August 24th, 2010 at 1:17 pm
The need for a moral purpose explains why the priestly caste dominates the warrior caste in most societies.
August 24th, 2010 at 3:51 pm
T. Greer’s comments about Bismarck actually do apply to the US in the case of the Mexican War. Daniel Walker Howe’s outstanding book What Hath God Wrought makes a case for the conclusion that the war was largely the implementation of the vision of one man, President Polk. The election of 1844 was one of the closest in US history and Polk won largely because of a fluke: the Liberty Party siphoned off votes from Clay in upstate New York and the nascent Democratic machine in NYC generated enough fraudulent votes of Irish immigrants to put NY in the Democratic column. There was no vast public support for either annexation of Texas or war with Mexico, the pillars of Polk’s campaign. Nor is it clearly the case that Polk was simply serving the interests of the "slave power" by promoting the war, as abolitionists argued. Polk’s key motivation for pushing for a war with Mexico had less to do with the annexation of Texas, which was basically a fait accompli before the war started, than with the annexation of California, something with which Polk was obsessed. California was never viewed as a likely slave state, and ironically, it later became the backbone of the Republican Party in opposing westward expansion of slavery. After the war started, again, primarily because of provocations Polk created, public support for the war remained highly divided with little of the country expressing much enthusiasm for the war. The two highly competent generals responsible for winning the war, Scott and Taylor, were outspoken Whigs and were personally opposed to the war. Hard to see that demos or anything other than Polk’s personal nationalistic vision had much to do with this war.
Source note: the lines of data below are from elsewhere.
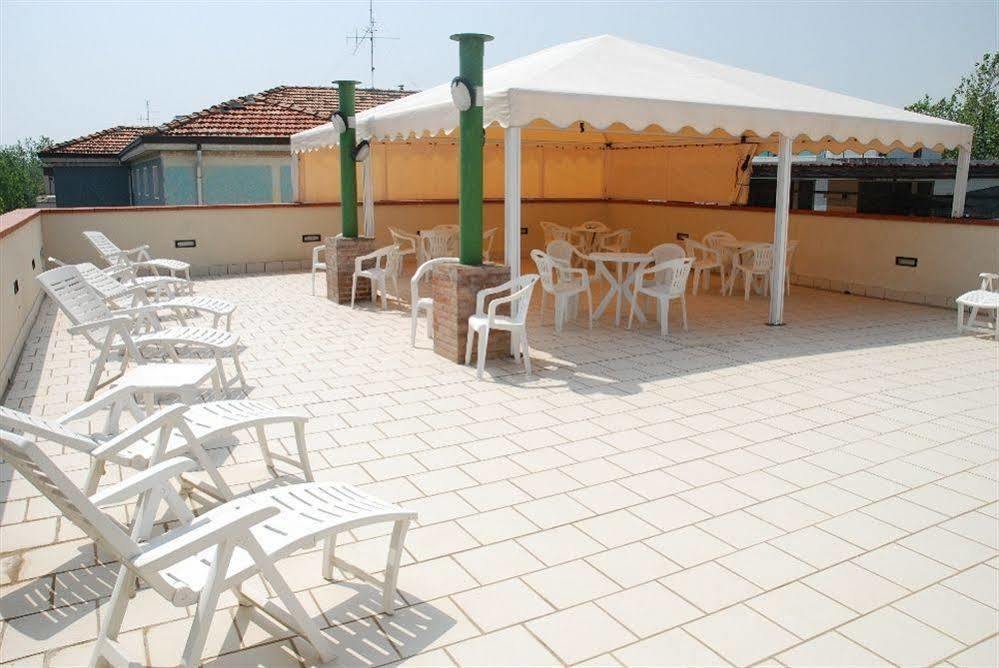 Hotel Ambra Cesenatico Esterno foto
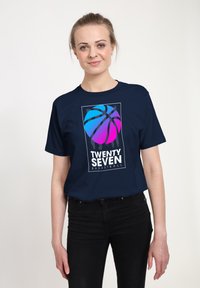 Granatowa bawełniana koszulka z grafiką koszykówki w niebiesko-różowym gradientzie oraz napisem "TWENTY SEVEN BASKETBALL."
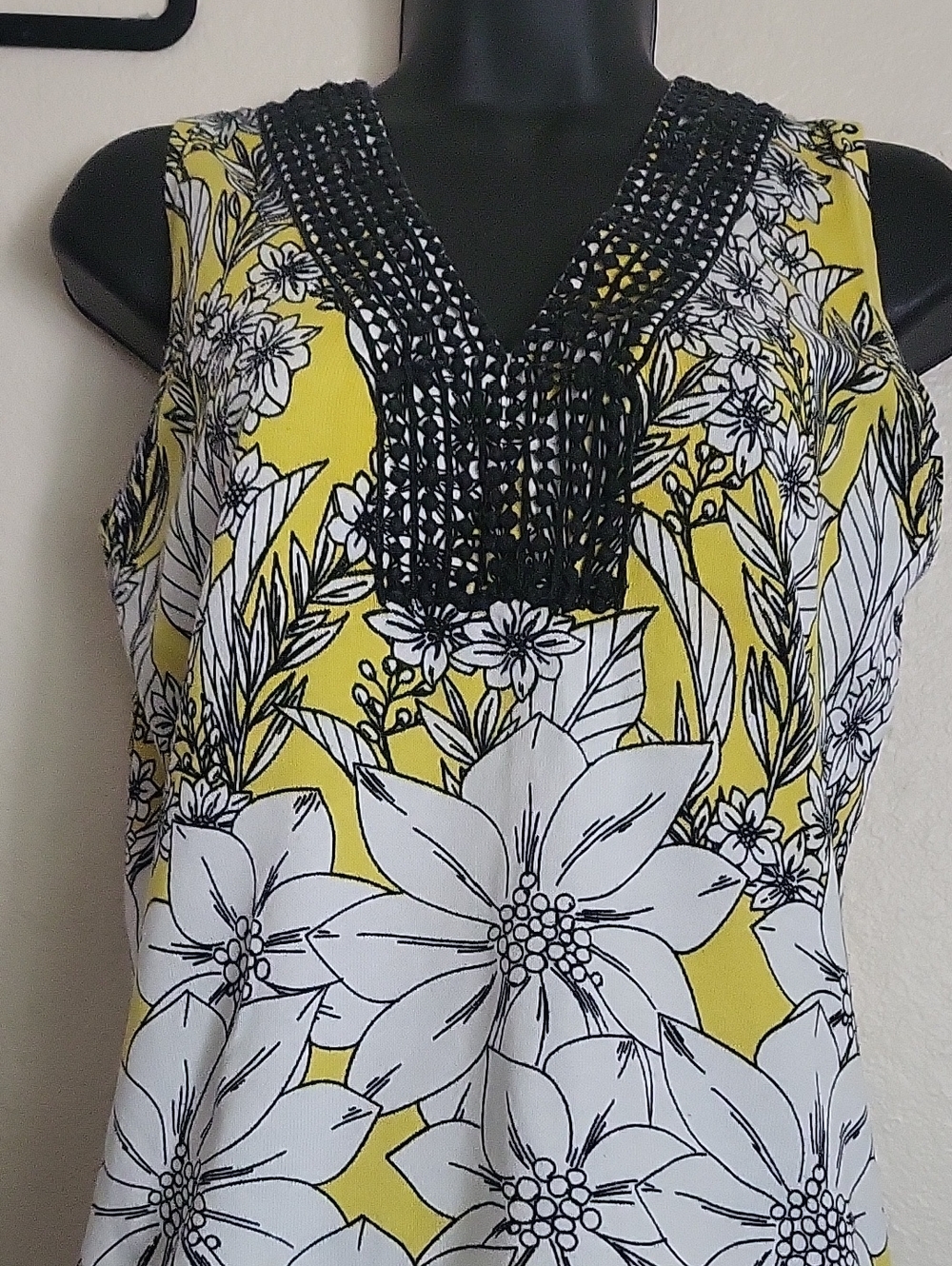 Cable & Gauge Yellow Floral Tank with Black Crochet V-Neck Panel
August 24th, 2010 at 6:33 pm
DC-
The funny thing about your statement is that I developed my ideas while examining the Mexican-American war. I wrote a 12 page essay on the topic, and came to the conclusion that the expansionism of the 1840s, though directed by only a few men, was built around (and would have been completely impossible without) a national ethos that demanded expansion. As it was quite lengthy, full of footnotes, and written in a more formal tone, I did not place it on my blog. I would be happy to e-mail it to any one interested in the matter.
August 24th, 2010 at 8:23 pm
TG-
I wasn’t talking about "expansionism" in some vague sense. I was talking about the Mexican War specifically. Again, expansionist slaveholders were interested primarily in the annexation of Texas, which as I pointed out, was basically accomplished before the war started. Notably, the war did not command uniform support among slaveholders, as best exemplified by the fact that even Calhoun did not support the war. None of the territory ultimately acquired in the Mexican Cession was particularly suited to slave-based agriculture. Northern expansionists were more interested in settling the boundaries of the Oregon Territory than pursuing a war with Mexico. The election of 1844 did not provide a mandate for war with Mexico, and the war remained extremely unpopular while it was being fought. This also shows that there was not really any broad consensus in favor of "expansionism" in general. Nationalists like Clay, who lost the election by the narrowest of margins (and arguably won it) were more in favor of development of the territory that the US already had rather than expansion into additional territory. The Mexican War succeeded not because of national enthusiasm for the war, but primarily because two very competent generals placed duty to civilian authority ahead of their personal partisanship. So again, I think that the decision to pursue the war was largely Polk’s alone, having nothing to do with national ethos.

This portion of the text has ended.